Below are the records; tally the lines in them that include the word "Artificial" and reply with the number alone.
——
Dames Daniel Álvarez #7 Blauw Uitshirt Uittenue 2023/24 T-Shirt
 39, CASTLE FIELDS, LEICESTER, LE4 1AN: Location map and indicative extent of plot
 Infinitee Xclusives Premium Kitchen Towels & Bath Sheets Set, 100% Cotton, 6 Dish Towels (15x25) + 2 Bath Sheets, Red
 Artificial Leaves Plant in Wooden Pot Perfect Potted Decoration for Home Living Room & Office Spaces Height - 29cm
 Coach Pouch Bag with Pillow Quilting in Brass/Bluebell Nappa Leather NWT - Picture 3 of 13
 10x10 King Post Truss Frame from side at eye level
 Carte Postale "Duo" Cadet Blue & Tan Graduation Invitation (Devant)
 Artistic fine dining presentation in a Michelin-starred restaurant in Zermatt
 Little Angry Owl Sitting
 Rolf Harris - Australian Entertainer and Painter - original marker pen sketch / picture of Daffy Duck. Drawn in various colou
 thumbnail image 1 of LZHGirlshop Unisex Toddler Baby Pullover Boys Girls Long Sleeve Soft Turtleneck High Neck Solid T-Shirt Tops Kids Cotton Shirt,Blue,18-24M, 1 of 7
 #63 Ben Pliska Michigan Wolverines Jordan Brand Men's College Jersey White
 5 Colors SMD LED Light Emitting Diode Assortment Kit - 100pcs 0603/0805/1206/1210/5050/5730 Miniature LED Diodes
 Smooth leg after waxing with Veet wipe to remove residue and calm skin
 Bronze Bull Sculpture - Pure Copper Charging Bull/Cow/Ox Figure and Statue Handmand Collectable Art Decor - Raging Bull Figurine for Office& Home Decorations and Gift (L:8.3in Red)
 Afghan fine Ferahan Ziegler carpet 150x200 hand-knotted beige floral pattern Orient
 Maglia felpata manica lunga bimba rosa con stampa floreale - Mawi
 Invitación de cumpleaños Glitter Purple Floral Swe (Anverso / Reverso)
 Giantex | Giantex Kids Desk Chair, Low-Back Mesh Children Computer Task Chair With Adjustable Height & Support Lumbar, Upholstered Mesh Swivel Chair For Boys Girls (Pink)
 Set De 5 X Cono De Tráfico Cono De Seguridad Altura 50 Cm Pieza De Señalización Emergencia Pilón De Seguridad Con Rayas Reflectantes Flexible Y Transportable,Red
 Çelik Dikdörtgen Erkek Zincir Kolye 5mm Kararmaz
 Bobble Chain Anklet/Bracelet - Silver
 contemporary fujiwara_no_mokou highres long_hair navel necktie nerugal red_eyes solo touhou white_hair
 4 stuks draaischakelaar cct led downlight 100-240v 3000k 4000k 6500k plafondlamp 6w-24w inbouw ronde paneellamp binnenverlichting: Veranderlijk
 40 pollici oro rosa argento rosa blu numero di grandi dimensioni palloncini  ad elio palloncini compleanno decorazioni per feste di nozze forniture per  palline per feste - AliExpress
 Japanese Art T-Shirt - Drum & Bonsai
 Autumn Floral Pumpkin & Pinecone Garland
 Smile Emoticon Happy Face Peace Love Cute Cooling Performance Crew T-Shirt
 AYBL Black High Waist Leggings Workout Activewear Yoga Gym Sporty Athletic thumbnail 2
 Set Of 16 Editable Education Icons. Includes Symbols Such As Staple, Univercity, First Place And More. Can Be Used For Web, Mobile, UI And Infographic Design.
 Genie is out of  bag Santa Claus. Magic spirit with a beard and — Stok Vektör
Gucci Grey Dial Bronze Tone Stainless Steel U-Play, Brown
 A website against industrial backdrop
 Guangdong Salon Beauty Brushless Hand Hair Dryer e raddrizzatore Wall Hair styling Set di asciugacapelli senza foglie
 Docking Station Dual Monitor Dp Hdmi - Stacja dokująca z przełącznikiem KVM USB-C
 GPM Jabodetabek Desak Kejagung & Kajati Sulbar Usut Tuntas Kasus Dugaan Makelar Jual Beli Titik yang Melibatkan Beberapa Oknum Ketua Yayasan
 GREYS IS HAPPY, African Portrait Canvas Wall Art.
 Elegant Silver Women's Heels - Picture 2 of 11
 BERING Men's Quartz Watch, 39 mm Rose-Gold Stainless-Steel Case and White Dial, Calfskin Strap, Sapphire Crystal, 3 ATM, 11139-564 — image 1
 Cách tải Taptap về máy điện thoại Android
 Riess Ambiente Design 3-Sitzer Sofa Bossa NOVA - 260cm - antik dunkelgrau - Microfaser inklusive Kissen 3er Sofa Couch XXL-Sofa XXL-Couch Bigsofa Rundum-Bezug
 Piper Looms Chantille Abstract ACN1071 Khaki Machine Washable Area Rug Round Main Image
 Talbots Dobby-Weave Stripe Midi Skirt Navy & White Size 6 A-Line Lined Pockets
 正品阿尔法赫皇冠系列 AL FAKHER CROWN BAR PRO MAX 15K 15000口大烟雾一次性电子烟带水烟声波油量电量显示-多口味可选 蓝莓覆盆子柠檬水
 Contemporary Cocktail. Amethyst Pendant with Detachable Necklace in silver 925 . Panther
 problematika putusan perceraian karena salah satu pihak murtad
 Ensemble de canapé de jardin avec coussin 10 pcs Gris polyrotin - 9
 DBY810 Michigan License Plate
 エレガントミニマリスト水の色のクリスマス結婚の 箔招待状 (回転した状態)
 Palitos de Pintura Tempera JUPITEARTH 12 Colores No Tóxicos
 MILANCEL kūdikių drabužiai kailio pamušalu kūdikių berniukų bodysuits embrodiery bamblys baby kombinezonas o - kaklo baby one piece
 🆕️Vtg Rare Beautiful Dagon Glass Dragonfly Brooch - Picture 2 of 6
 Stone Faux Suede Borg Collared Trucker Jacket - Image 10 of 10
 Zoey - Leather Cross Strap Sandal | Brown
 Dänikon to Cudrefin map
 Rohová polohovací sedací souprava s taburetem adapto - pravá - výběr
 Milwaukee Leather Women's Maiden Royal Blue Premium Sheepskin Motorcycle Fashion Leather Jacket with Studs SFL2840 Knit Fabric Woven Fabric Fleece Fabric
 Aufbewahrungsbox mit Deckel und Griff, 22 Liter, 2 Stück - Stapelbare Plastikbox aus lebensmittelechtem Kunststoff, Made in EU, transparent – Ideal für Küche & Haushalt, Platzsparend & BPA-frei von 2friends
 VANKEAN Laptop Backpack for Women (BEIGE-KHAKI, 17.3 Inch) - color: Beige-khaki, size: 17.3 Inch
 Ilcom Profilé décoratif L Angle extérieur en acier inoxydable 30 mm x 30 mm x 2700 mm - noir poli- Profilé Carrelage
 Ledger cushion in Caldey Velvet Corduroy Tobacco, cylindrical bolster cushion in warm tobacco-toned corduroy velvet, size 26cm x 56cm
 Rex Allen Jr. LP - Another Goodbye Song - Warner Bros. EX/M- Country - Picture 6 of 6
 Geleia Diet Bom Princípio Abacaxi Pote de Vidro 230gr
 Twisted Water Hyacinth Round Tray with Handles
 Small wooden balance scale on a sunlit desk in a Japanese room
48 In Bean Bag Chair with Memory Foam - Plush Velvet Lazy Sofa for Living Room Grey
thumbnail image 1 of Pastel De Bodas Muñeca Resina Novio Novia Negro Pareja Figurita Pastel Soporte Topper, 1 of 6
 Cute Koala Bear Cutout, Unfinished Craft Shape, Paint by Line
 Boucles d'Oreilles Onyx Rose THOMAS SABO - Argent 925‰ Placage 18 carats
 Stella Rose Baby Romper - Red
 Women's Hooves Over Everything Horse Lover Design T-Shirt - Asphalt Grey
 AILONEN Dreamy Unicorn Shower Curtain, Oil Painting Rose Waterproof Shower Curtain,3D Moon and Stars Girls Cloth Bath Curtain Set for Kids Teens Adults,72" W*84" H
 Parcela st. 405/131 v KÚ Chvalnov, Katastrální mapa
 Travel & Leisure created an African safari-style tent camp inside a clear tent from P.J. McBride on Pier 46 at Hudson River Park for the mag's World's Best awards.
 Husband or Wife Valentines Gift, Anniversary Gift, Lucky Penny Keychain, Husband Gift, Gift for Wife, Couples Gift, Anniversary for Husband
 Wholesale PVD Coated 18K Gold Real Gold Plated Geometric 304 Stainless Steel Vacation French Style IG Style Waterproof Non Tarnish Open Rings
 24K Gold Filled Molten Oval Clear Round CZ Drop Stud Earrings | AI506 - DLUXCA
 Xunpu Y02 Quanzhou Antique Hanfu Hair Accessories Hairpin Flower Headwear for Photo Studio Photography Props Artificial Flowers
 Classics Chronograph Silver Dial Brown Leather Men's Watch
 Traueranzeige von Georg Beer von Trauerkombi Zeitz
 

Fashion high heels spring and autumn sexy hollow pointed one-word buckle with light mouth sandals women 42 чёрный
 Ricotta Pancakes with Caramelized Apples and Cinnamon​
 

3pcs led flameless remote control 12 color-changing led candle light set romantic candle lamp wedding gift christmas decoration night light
——
Response to this exercise:
2